■ **WORK TO COMPLETE**
Could you please reproduce every record below exactly, leaving out the pictures?

(Pictures with short captions)
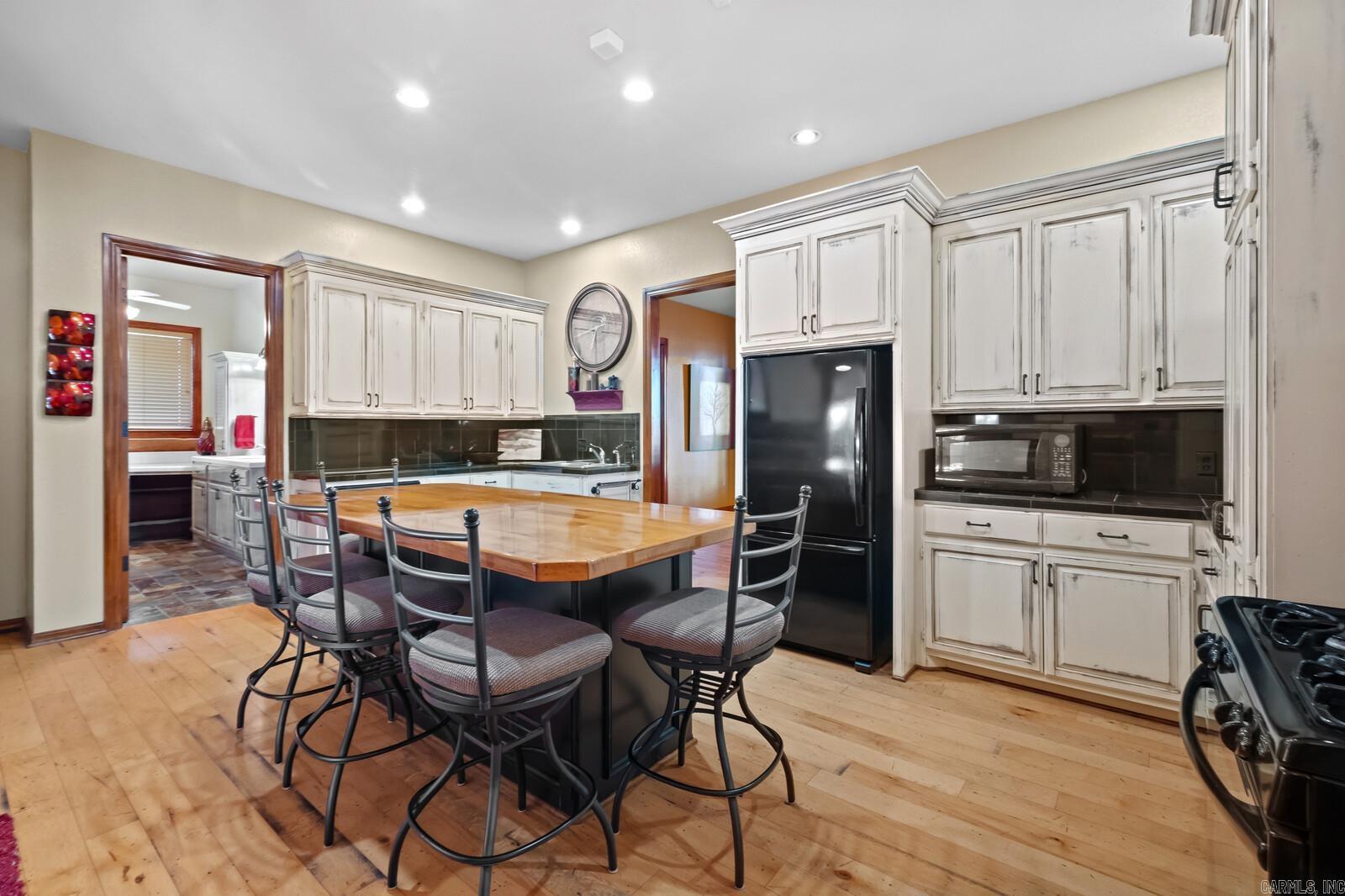 Pointe - Residential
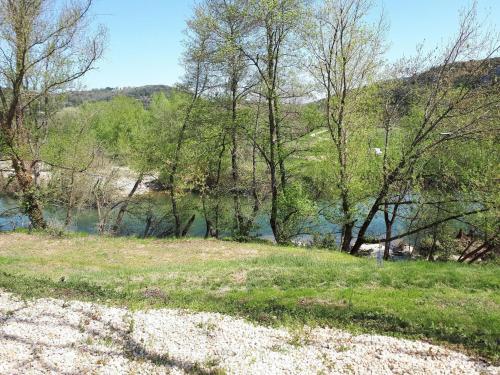Cozy Holiday Home In Montclus With River Nearby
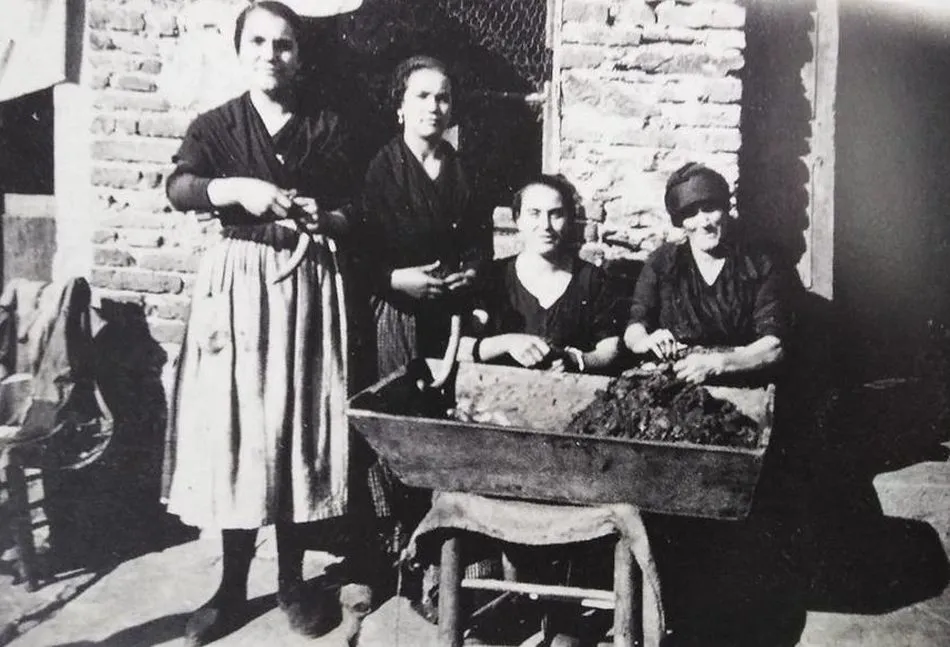 Tras el despiece del cerdo, la matanza pasaba a las manos de las mujeres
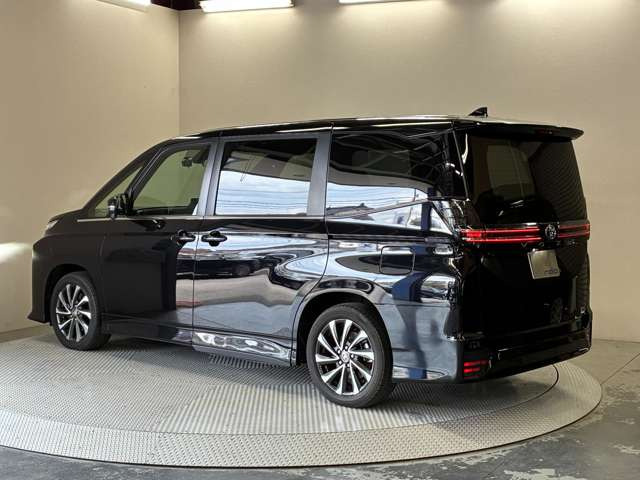 �l�C�̎Ԏ킪�����낢!�e���[�J�[ �ŐV�l�C�Ԃ����C���i�b�v!���ĐG���đI�ׂ�W����ł�!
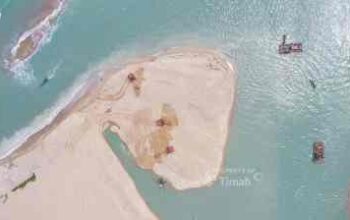 PT Timah Tbk Keruk Muara Air Kantung, Nelayan Kini Bisa Berlayar Lebih Aman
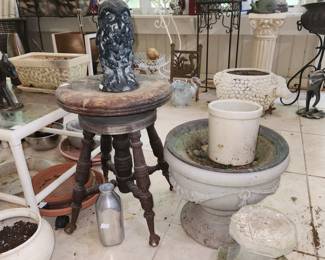 Planters, plants & yard art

■ **TASK RESULT**
 Pointe - Residential
Cozy Holiday Home In Montclus With River Nearby
 Tras el despiece del cerdo, la matanza pasaba a las manos de las mujeres
 �l�C�̎Ԏ킪�����낢!�e���[�J�[ �ŐV�l�C�Ԃ����C���i�b�v!���ĐG���đI�ׂ�W����ł�!
 PT Timah Tbk Keruk Muara Air Kantung, Nelayan Kini Bisa Berlayar Lebih Aman
 Planters, plants & yard art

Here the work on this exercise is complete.